Holy crap, 26/29 in 53 minutes >.< 

Brain EXPLODE


----------



## BlackStahli (Aug 5, 2012)

You know, I've always thought that multi-BLD WR holders had eidetic memory. Perhaps that's true 
Congrats to Marcin for breaking that WR twice in less than half a month!


----------



## drewsopchak (Aug 5, 2012)

BlackStahli said:


> You know, I've always thought that multi-BLD WR holders had eidetic memory. Perhaps that's true
> Congrats to Marcin for breaking that WR twice in less than half a month!



They certainly don't. Even if they did, how would it be of any use?


----------



## MirzaCubing (Aug 5, 2012)

I'm looking at the live results for 5x5. Did Cezary Rokita really get 1:00.00 5 times in a row?


----------



## Ranzha (Aug 5, 2012)

drewsopchak said:


> They certainly don't.


[citation needed]



drewsopchak said:


> Even if they did, how would it be of any use?
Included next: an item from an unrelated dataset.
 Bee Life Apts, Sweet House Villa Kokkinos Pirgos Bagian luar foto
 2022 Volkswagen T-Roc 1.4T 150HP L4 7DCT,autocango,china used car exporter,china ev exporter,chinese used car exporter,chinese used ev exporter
Remembering objects or images with extreme accuracy? How WOULDN'T that be of use?


----------



## Dene (Aug 5, 2012)

Ranzha V. Emodrach said:


> Remembering objects or images with extreme accuracy? How WOULDN'T that be of use?



My thoughts exactly XD. Dunno what that kid is thinking, unless he just doesn't know what "eidetic memory" is.


----------



## aronpm (Aug 5, 2012)

Ranzha V. Emodrach said:


> [citation needed]



They don't.

source: I used to be kinda good at MultiBLD


----------



## Ranzha (Aug 5, 2012)

aronpm said:


> They don't.
> 
> source: I used to be kinda good at MultiBLD


Now this I can accept as a source lol, because you're respectable and knowledgeable and credible.


----------



## bluecloe45 (Aug 5, 2012)

Super, can't wait for someone to get a 27/27+


----------



## drewsopchak (Aug 5, 2012)

Dene said:


> My thoughts exactly XD. Dunno what that kid is thinking, unless he just doesn't know what "eidetic memory" is.



How would an eidetic memory help with remembering cycles of pieces?


----------



## Dene (Aug 5, 2012)

drewsopchak said:


> How would an eidetic memory help with remembering cycles of pieces?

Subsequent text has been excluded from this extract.